Message-ID: <4C3AB489.4020700@oss.ntt.co.jp>
Date: Mon, 12 Jul 2010 15:22:01 +0900
From: Takuya Yoshikawa <yoshikawa.takuya@oss.ntt.co.jp>
User-Agent: Mozilla/5.0 (Windows; U; Windows NT 5.1; ja; rv:1.9.1.9) Gecko/20100317 Thunderbird/3.0.4
MIME-Version: 1.0
To: david@lang.hm
CC: Fernando Luis Vazquez Cao <fernando@oss.ntt.co.jp>, kvm@vger.kernel.org,
        Linux Kernel Mailing List <linux-kernel@vger.kernel.org>,
        mori.keisuke@oss.ntt.co.jp, Chris Wright <chrisw@redhat.com>,
        Dor Laor <dlaor@redhat.com>, Lon Hohberger <lhh@redhat.com>,
        "Perry N. Myers" <pmyers@redhat.com>,
        Luiz Capitulino <lcapitulino@redhat.com>, berrange@redhat.com
Subject: Re: [RFC] High availability in KVM
References: <4C199348.6050108@oss.ntt.co.jp> <alpine.DEB.2.00.1007101510180.27626@asgard.lang.hm>
In-Reply-To: <alpine.DEB.2.00.1007101510180.27626@asgard.lang.hm>
Content-Type: text/plain; charset=ISO-8859-1; format=flowed
Content-Transfer-Encoding: 7bit
Sender: linux-kernel-owner@vger.kernel.org
Content-Length: 19202
Lines: 413

(2010/07/11 7:36), david@lang.hm wrote:
> On Thu, 17 Jun 2010, Fernando Luis Vazquez Cao wrote:
>
>> Existing open source HA stacks such as pacemaker/corosync and Red
>> Hat Cluster Suite rely on software clustering techniques to detect
>> both hardware failures and software failures, and employ fencing to
>> avoid split-brain situations which, in turn, makes it possible to
>> perform failover safely. However, when applied to virtualization
>> environments these solutions show some limitations:
>>
>> - Hardware detection relies on polling mechanisms (for example
>> pinging a network interface to check for network connectivity),
>> imposing a trade off between failover time and the cost of
>> polling.
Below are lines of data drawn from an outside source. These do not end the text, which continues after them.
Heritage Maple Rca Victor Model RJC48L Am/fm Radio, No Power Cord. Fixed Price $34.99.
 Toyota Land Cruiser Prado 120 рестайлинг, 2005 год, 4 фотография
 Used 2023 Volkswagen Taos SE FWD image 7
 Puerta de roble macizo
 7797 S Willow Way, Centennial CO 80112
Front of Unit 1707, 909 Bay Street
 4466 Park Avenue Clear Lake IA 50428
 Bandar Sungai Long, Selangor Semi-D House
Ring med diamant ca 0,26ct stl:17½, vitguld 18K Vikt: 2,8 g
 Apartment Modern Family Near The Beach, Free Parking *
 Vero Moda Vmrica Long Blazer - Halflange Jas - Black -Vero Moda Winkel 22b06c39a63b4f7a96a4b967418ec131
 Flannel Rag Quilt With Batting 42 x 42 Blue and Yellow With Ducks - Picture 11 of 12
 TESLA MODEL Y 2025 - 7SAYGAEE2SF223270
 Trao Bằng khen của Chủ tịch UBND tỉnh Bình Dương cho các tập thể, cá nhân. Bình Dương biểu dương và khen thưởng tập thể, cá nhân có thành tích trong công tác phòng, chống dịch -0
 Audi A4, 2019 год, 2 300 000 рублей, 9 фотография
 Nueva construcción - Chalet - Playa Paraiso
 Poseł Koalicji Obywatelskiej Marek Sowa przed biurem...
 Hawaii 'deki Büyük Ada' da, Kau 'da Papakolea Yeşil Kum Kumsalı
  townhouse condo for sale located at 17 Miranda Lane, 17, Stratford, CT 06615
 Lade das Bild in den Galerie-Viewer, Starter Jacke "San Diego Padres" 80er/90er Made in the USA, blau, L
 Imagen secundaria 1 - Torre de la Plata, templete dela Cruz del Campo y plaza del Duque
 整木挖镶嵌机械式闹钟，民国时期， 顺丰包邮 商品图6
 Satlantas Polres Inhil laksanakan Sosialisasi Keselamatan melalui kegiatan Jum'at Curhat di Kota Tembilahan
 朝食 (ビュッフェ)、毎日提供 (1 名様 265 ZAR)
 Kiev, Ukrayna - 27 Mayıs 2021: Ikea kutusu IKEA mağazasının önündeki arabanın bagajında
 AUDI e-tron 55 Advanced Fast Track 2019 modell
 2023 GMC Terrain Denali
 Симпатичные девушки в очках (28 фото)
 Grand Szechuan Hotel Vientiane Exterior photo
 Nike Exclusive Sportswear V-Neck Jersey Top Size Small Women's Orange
The alternative is having the failing system send an
>> alarm to the HA software to trigger failover. The latter
>> approach is preferable but it is not always applicable when
>> dealing with bare-metal; depending on the failure type the
>> hardware may not able to get a message out to notify the HA
>> software. However, when it comes to virtualization environments
>> we can certainly do better. If a hardware failure, be it real
>> hardware or virtual hardware, is fully contained within a
>> virtual machine the host or hypervisor can detect that and
>> notify the HA software safely using clean resources.
>
> you still need to detect failures that you won't be notified of.
>
> what if a network cable goes bad and your data isn't getting through?
> you won't get any notification of this without doing polling, even in a
> virtualized environment.


I agree that we need polling anyway.


>
> also, in a virtualized environment you may have firewall rules between
> virtual hosts, if those get misconfigured you may have 'virual physical
> connectivity' still, but not the logical connectivity that you need.
>
>> - In most cases, when a hardware failure is detected the state of
>> the failing node is not known which means that some kind of
>> fencing is needed to lock resources away from that
>> node. Depending on the hardware and the cluster configuration
>> fencing can be a pretty expensive operation that contributes to
>> system downtime. Virtualization can help here. Upon failure
>> detection the host or hypervisor could put the virtual machine
>> in a quiesced state and release its hardware resources before
>> notifying the HA software, so that it can start failover
>> immediately without having to mingle with the failing virtual
>> machine (we now know that it is in a known quiesced state). Of
>> course this only makes sense in the event-driven failover case
>> described above.
>>
>> - Fencing operations commonly involve killing the virtual machine,
>> thus depriving us of potentially critical debugging information:
>> a dump of the virtual machine itself. This issue could be solved
>> by providing a virtual machine control that puts the virtual
>> machine in a known quiesced state, releases its hardware
>> resources, but keeps the guest and device model in memory so
>> that forensics can be conducted offline after failover. Polling
>> HA resource agents should use this new command if postmortem
>> analysis is important.
>
> I don't see this as the job of the virtualization hypervisor. the
> software HA stacks include the ability to run external scripts to
> perform these tasks. These scripts can perform whatever calls to the
> hypervisor that are appropriate to freeze, shutdown, or disconnect the
> virtual server (and what is appropriate will vary from implementation to
> implementation)


I see that it can be done with HA plus external scripts.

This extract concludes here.